CREATE A MODEL THAT CAN PREDICT FUTURE KALSHI PRICES

Begin with model and dataset classes

In [None]:
import torch
import torch.nn as nn
from torch.utils.data import Dataset, DataLoader
from sklearn.model_selection import train_test_split

# Define your LSTM model
class LSTMModel(nn.Module):
    def __init__(self, input_size, hidden_size, num_layers, output_size):
        super(LSTMModel, self).__init__()
        self.hidden_size = hidden_size
        self.num_layers = num_layers
        self.lstm = nn.LSTM(input_size, hidden_size, num_layers, batch_first=True)
        self.fc = nn.Linear(hidden_size, output_size)

    def forward(self, x):
        h0 = torch.zeros(self.num_layers, x.size(0), self.hidden_size).to(x.device)
        c0 = torch.zeros(self.num_layers, x.size(0), self.hidden_size).to(x.device)
        out, _ = self.lstm(x, (h0, c0))
        out = self.fc(out[:, -10:, :])  # Predict next 10 minutes
        return out

# Define your custom dataset
class MarketDataset(Dataset):
    def __init__(self, data):
        self.data = data

    def __len__(self):
        return len(self.data)

    def __getitem__(self, idx):
        return self.data[idx]


Create training and testing loop

In [None]:

# Define your training loop
def train(model, criterion, optimizer, train_loader, val_loader, num_epochs):
    for epoch in range(num_epochs):
        model.train()
        train_loss = 0.0
        for inputs, targets in train_loader:
            optimizer.zero_grad()
            outputs = model(inputs)
            loss = criterion(outputs, targets)
            loss.backward()
            optimizer.step()
            train_loss += loss.item() * inputs.size(0)
        train_loss /= len(train_loader.dataset)
        print(f'Epoch [{epoch+1}/{num_epochs}], Train Loss: {train_loss:.4f}')
        
        # Validation
        model.eval()
        val_loss = 0.0
        with torch.no_grad():
            for inputs, targets in val_loader:
                outputs = model(inputs)
                loss = criterion(outputs, targets)
                val_loss += loss.item() * inputs.size(0)
        val_loss /= len(val_loader.dataset)
        print(f'Epoch [{epoch+1}/{num_epochs}], Val Loss: {val_loss:.4f}')
        

# Define your testing function
def test(model, criterion, test_loader):
    model.eval()
    test_loss = 0.0
    with torch.no_grad():
        for inputs, targets in test_loader:
            outputs = model(inputs)
            loss = criterion(outputs, targets)
            test_loss += loss.item() * inputs.size(0)
    test_loss /= len(test_loader.dataset)
    print(f'Test Loss: {test_loss:.4f}')

Train, test, and run model

In [None]:
# Assuming you have your data loaded into a list of sequences (inputs, targets)
# inputs and targets are torch tensors
data = [...]  # Your data here

# Split the data into train, validation, and test sets
train_data, temp_data = train_test_split(data, test_size=0.2, random_state=42)
val_data, test_data = train_test_split(temp_data, test_size=0.5, random_state=42)

# Hyperparameters
input_size = 6  # Assuming 6 prices for each minute
hidden_size = 64
num_layers = 2
output_size = 6  # Assuming output is also 6 prices for each minute
batch_size = 64
learning_rate = 0.001
num_epochs = 10

# Create datasets and data loaders for train, validation, and test sets
train_dataset = MarketDataset(train_data)
val_dataset = MarketDataset(val_data)
test_dataset = MarketDataset(test_data)

train_loader = DataLoader(train_dataset, batch_size=batch_size, shuffle=True)
val_loader = DataLoader(val_dataset, batch_size=batch_size)
test_loader = DataLoader(test_dataset, batch_size=batch_size)
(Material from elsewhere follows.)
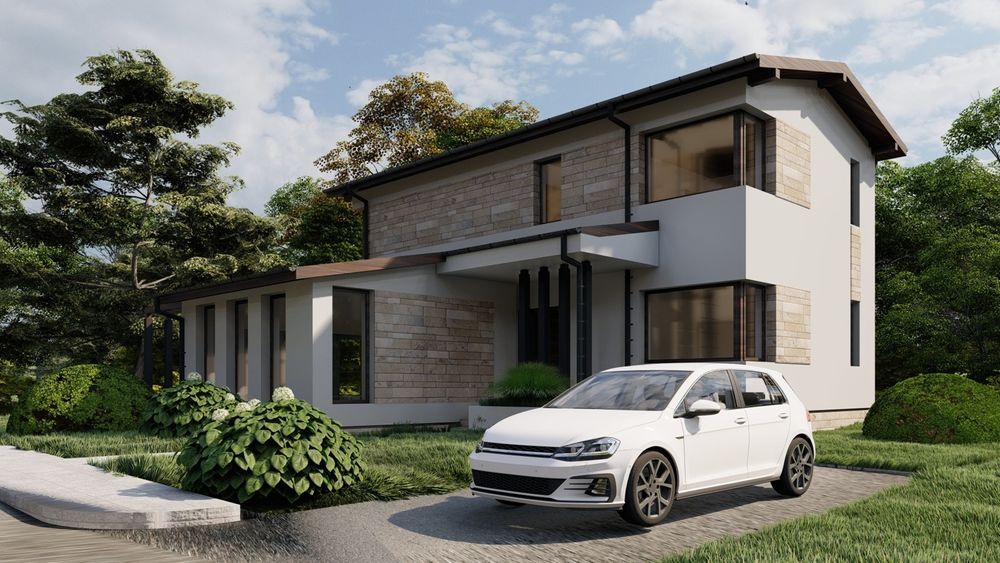 Case individuale cu CF in loc.Dezmir,direct de la dezvoltator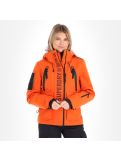 Miniatura Superdry, Ultimate Rescue Jacket chaqueta de esquí mujeres havana naranja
# Initialize model, loss function, and optimizer
model = LSTMModel(input_size, hidden_size, num_layers, output_size)
criterion = nn.MSELoss()
optimizer = torch.optim.Adam(model.parameters(), lr=learning_rate)

# Train the model
train(model, criterion, optimizer, train_loader, val_loader, num_epochs)

# Test the model
test(model, criterion, test_loader)